PROBLEM STATEMENT:
Each line in the material below, starting at the one that contains "charity-health-healthcare-insurance-icon" and ending at the one that contains "Hydraulic Reservoir", should be repeated exactly; the pictures should not.

TASK MATERIAL:
============================================================

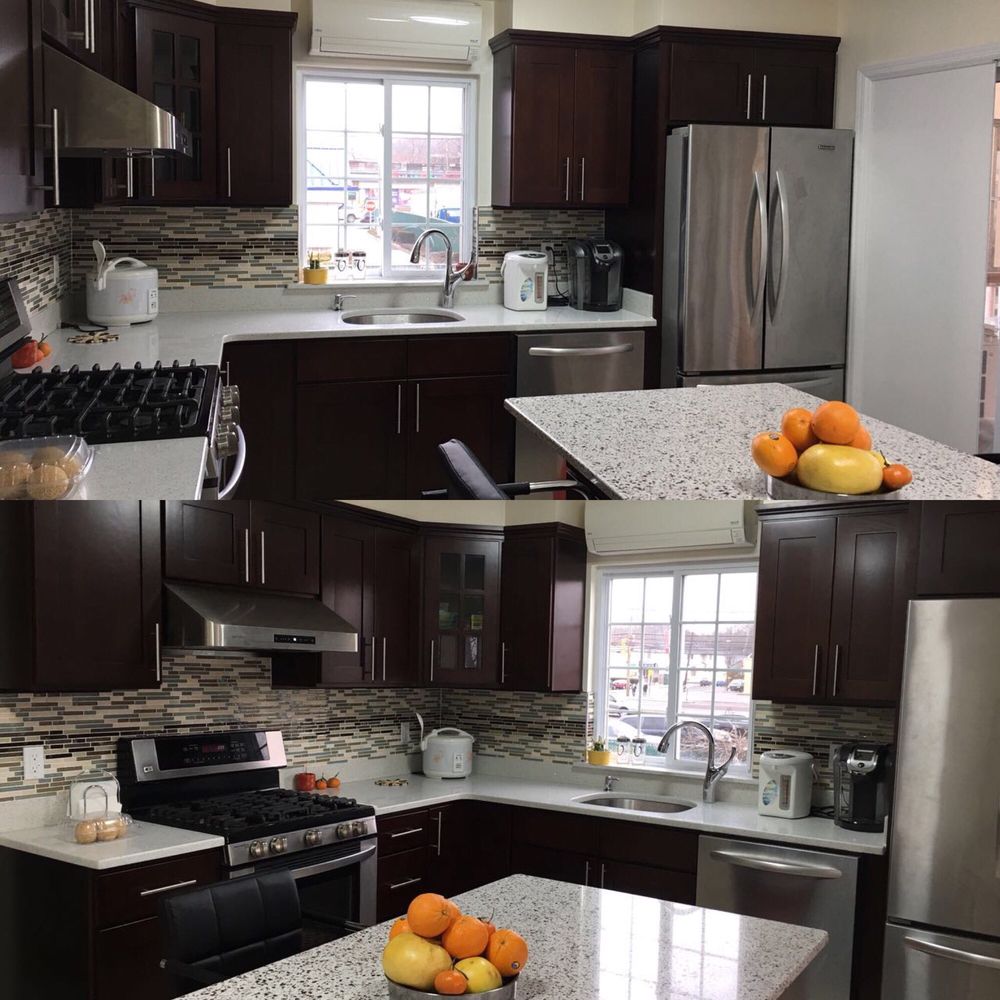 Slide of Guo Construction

============================================================

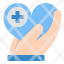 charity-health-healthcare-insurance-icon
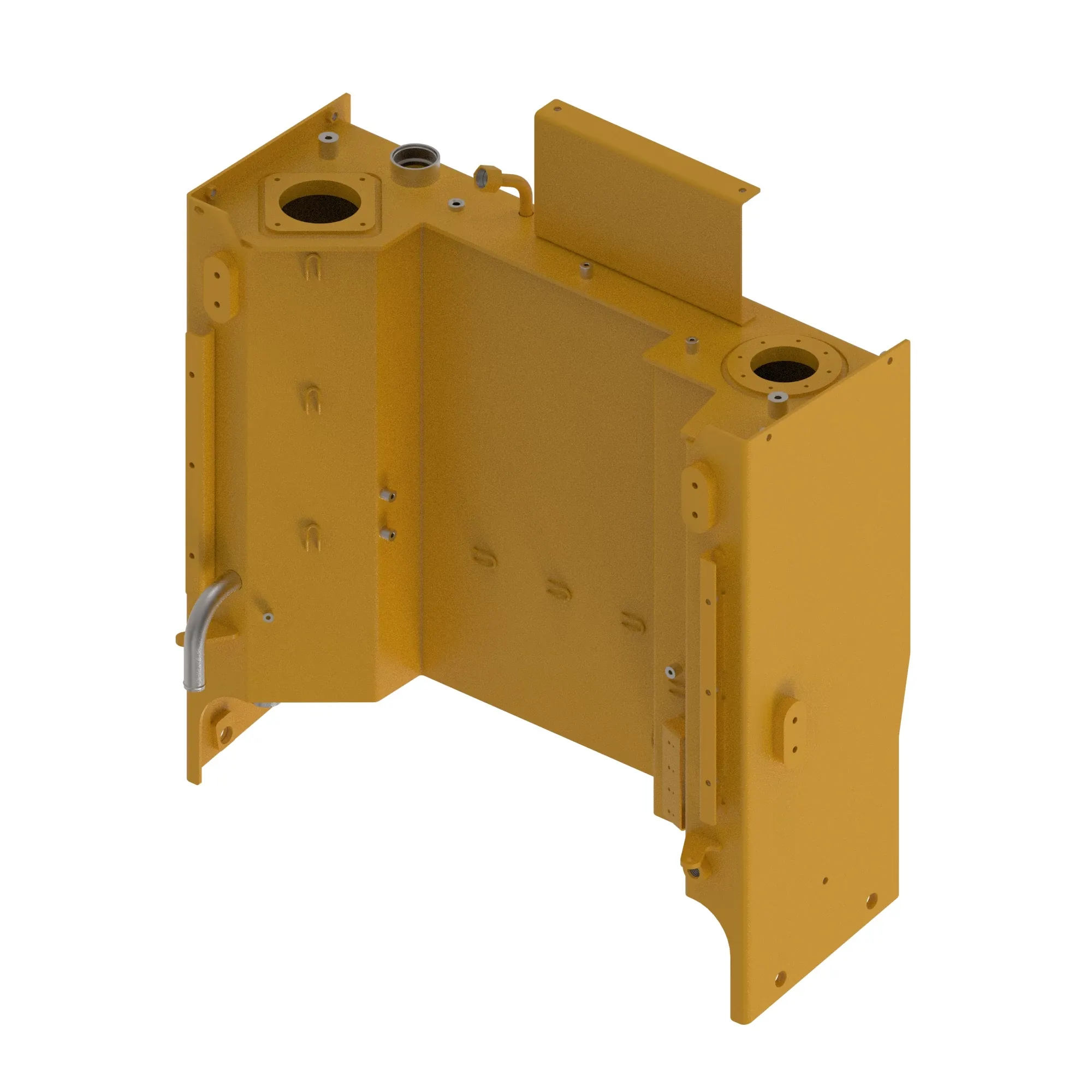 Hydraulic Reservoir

============================================================

EXPECTED ANSWER:
 charity-health-healthcare-insurance-icon
 Hydraulic Reservoir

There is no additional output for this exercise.